━━ Data segment ━━

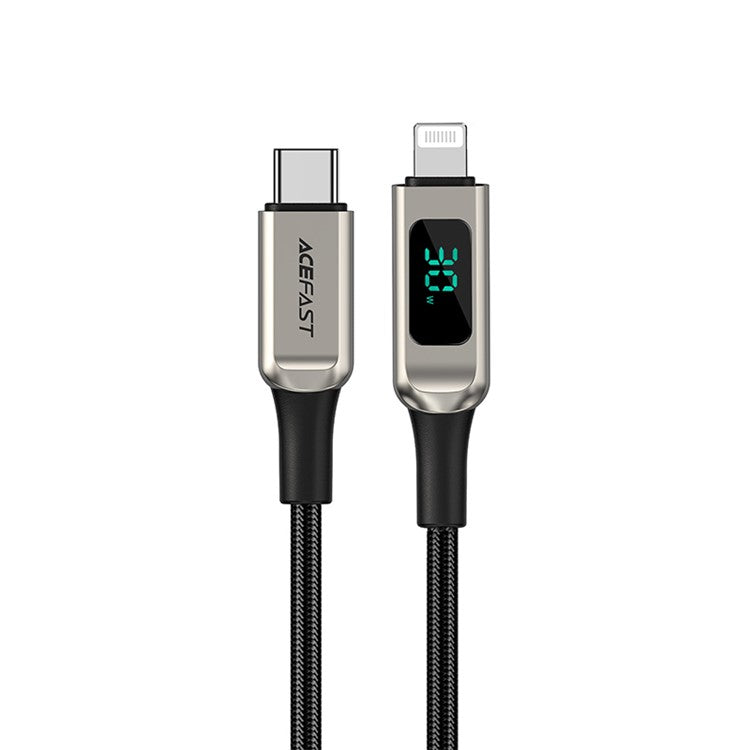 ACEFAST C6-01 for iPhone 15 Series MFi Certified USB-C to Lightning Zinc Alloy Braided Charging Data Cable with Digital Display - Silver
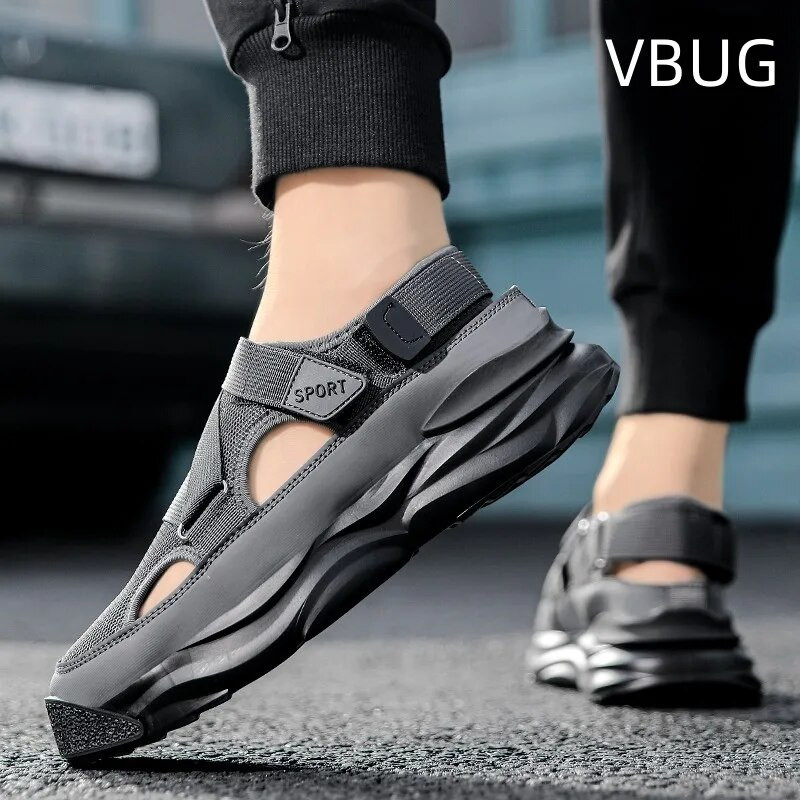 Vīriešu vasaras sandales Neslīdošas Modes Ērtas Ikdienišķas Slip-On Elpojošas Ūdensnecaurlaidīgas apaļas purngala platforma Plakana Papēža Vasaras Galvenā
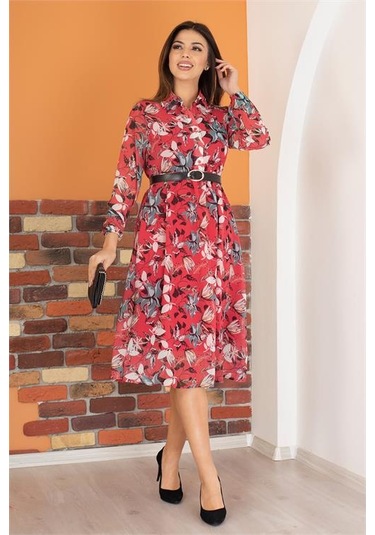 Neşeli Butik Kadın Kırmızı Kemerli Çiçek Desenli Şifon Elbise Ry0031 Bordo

━━━

### Exercise
Copy out every line above, word for word, minus images.

### Answer for this exercise
 ACEFAST C6-01 for iPhone 15 Series MFi Certified USB-C to Lightning Zinc Alloy Braided Charging Data Cable with Digital Display - Silver
 Vīriešu vasaras sandales Neslīdošas Modes Ērtas Ikdienišķas Slip-On Elpojošas Ūdensnecaurlaidīgas apaļas purngala platforma Plakana Papēža Vasaras Galvenā
 Neşeli Butik Kadın Kırmızı Kemerli Çiçek Desenli Şifon Elbise Ry0031 Bordo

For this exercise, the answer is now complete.